▶ **What you are asked to do**:
Output only the lines from the one holding "Лонгслив хлопковый женский" to the end of the data below, please, copied exactly.

*** Opening of Data provided ***

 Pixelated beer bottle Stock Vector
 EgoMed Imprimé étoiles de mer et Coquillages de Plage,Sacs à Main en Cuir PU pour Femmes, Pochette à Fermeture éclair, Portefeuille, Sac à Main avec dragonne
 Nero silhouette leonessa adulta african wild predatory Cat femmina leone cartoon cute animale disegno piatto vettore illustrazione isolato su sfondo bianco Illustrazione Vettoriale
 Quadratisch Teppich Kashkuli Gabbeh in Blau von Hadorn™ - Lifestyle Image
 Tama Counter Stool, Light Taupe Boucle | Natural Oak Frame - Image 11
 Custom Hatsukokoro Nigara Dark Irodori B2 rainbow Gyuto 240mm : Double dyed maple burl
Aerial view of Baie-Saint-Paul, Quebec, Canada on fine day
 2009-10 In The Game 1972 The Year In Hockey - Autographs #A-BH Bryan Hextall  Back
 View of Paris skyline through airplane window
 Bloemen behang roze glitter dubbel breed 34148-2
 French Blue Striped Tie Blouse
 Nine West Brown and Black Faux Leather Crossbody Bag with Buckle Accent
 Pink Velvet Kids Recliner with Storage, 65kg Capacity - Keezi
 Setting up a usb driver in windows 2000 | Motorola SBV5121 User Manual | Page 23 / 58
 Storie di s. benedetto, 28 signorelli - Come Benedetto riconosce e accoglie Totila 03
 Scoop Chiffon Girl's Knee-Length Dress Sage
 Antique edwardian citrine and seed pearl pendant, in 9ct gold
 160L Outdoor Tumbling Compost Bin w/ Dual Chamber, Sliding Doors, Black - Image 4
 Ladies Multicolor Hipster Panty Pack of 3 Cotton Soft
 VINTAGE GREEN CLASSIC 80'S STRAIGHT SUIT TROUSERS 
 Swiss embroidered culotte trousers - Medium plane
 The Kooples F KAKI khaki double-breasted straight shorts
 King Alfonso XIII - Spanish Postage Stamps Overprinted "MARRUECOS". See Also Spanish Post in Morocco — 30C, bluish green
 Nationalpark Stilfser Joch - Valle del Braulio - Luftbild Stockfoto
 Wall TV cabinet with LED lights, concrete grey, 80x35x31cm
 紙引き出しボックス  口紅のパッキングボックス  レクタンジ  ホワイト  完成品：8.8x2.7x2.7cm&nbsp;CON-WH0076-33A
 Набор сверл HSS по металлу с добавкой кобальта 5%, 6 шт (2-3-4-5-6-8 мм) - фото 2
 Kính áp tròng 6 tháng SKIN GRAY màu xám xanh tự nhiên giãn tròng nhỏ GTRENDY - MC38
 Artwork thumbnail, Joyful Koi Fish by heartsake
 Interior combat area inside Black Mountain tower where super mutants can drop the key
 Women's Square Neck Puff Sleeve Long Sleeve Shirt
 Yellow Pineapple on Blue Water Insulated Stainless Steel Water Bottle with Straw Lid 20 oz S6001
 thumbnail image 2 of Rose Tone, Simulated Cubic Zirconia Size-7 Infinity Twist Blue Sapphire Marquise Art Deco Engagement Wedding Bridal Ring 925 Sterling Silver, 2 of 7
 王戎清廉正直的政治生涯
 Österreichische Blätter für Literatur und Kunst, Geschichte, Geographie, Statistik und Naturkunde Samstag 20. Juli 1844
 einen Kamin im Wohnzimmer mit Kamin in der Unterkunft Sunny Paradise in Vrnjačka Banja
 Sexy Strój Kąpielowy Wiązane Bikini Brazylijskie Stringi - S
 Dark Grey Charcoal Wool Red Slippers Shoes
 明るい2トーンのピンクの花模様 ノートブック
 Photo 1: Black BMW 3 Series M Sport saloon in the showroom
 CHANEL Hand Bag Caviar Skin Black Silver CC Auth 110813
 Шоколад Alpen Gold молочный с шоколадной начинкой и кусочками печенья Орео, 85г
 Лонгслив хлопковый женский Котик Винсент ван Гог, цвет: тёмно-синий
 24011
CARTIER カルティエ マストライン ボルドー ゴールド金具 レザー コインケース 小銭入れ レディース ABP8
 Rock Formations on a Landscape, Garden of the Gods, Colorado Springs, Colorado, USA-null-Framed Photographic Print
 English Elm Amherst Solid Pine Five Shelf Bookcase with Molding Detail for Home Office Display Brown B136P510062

*** Close of Data provided ***

▶ **Answer section**:
 Лонгслив хлопковый женский Котик Винсент ван Гог, цвет: тёмно-синий
 24011
CARTIER カルティエ マストライン ボルドー ゴールド金具 レザー コインケース 小銭入れ レディース ABP8
 Rock Formations on a Landscape, Garden of the Gods, Colorado Springs, Colorado, USA-null-Framed Photographic Print
 English Elm Amherst Solid Pine Five Shelf Bookcase with Molding Detail for Home Office Display Brown B136P510062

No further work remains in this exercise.